Sidenote: The one-hit punchline of “Ho Hey” that detractors will vocalize is not only unfair and reeks of anti-popularity elitism, but anyone at the show on Thursday who thought the band used their big hit as a crutch is making an incorrect observation. The Lumineers played the song third in their set. It was a very apparent attempt to dig into the rest of the album without slighting the song — to get it out of the way. Not playing the FM radio hit as the last song of the encore works as an implicit request that attention should be paid to their body of work — the whole album, not the song made famous, in part, by Silver Linings Playbook and car commercials.

Still, the album, The Lumineers, boasts a recorded running time of 38 minutes. Swap a few instruments add a few clapping interludes and we might be at 45 minutes for a live show. That’s why even conceptually the move to the Pershing didn’t work for The Lumineers. Outside at Pinewood, with the feel of a miniature festival, everyone can play for about an hour. The Lumineers, with their summery folk pop and single album, probably benefit the most.

But put them in a 6,000-person arena where headliners routinely play for two hours and the first two acts haven’t hit home with their full force, and suddenly one hour — of the record, one Bob Dylan cover of “Subterranean Homesick Blues” and some pleasant, but unrecognizable new tunes you couldn’t hear Schultz introduce — doesn’t seem to fill the space.

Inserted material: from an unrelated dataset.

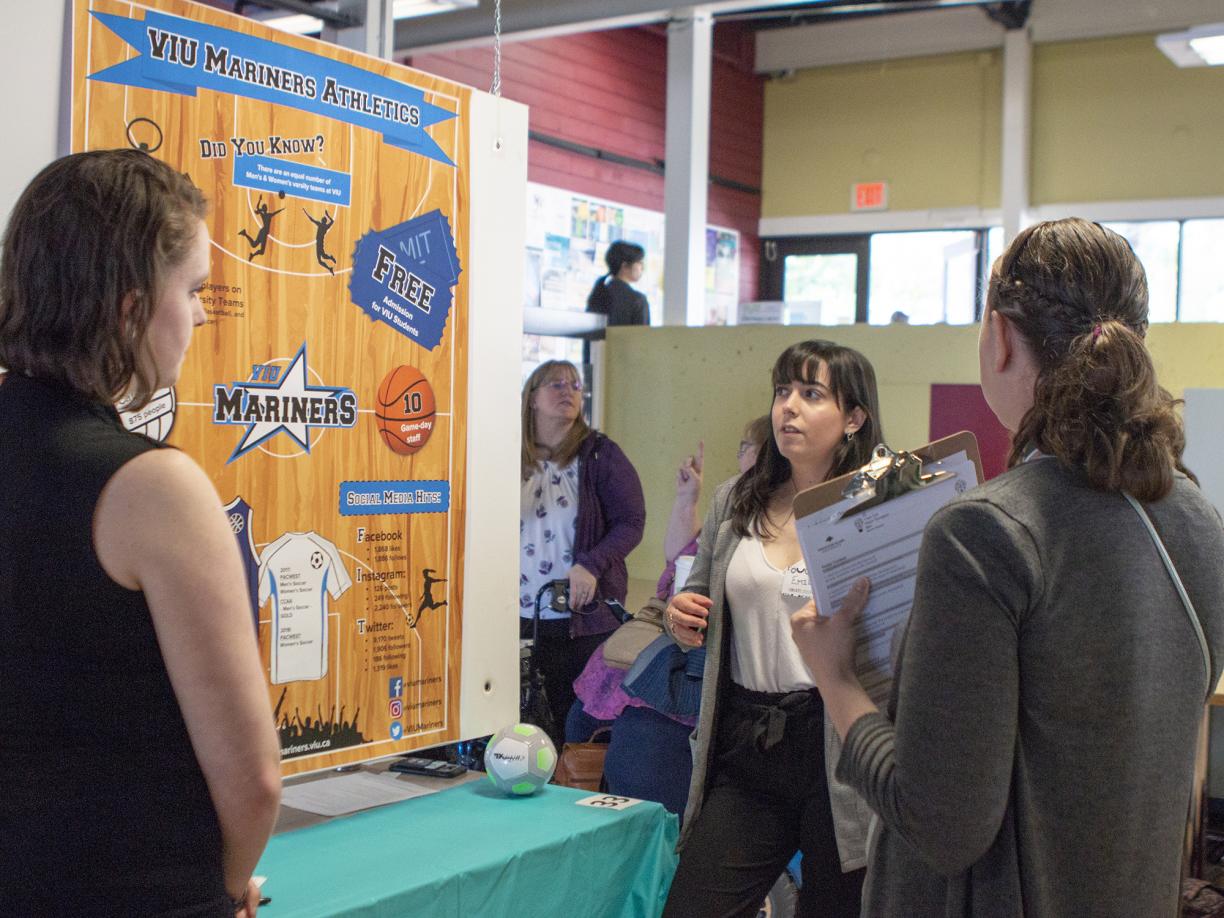 Three students examine a research poster at CREATE.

And it’s tough to say if the sound problems were fixed. The audience mostly overpowered the vocals on the songs from the album. The Lumineers did their best to create an intimate setting in a venue that resists it by going out into the crowd. But the chance to mingle with fans in the middle of the floor may not have been worth the two-song trade in sound quality. Even on the main stage, woven harmonies sounded like bring-the-roof-down choruses. Neyla Pekarek’s cello was hard to find, even if her big smile and soulful vocals on the new song, “The Duet,” weren’t.

Back outside, it was extremely clear from the lightning that appeared around 6:30 p.m. on Thursday night and from the photos of the waterlogged mudhole the Pinewood space became, that The Lumineers concert could not have been held there. The responsible choice was made.

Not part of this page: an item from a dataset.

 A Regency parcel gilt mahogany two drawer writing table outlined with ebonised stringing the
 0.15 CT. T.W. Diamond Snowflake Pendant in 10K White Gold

And would all the sound issues and loss of detail have been remedied if the show was held in the planned spot? There’s no way of knowing. There will always be unknown variables at work for a concert production of that size. At a show, the audience doesn’t know who’s behind the controls, if he or she had time to adjust to a new space or if the Pershing acoustics are just difficult to navigate. Roadies and sound engineers were certainly planning for Pinewood, though.

Optimistically, the show was a well-played “what might have been” reminder of all the important factors that go into making a large production seamless. A sound guy does his job when no one notices him. A venue does its job when no one has to think about how well its acoustics support three very different live bands.

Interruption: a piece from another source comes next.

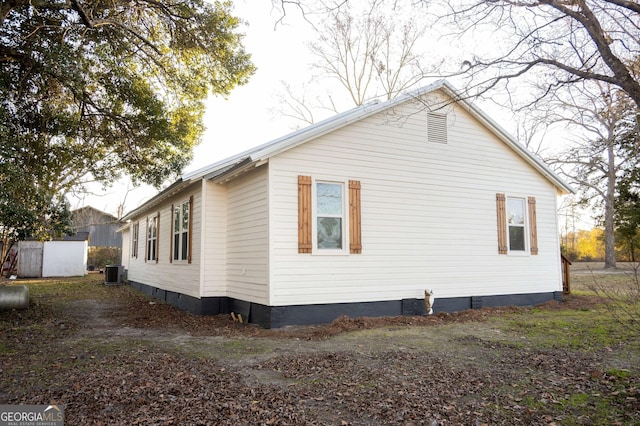 view of property exterior with central air condition unit and crawl space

When people leave a concert, no one wants the question of professionalism to come into their heads. They should be thinking about which song was their favorite or at what moment they forgot when they had to be to work the next day, the moment they felt togetherness with the others in the room.

The minute the question of whether or not a show was professional is raised, The Lumineers ceased to be an experience. What’s left is scattered, scrutinized parts. It’s only a band and a body of work, a stage and a building, a backup plan and the final question: Who didn’t hold up their end of the bargain?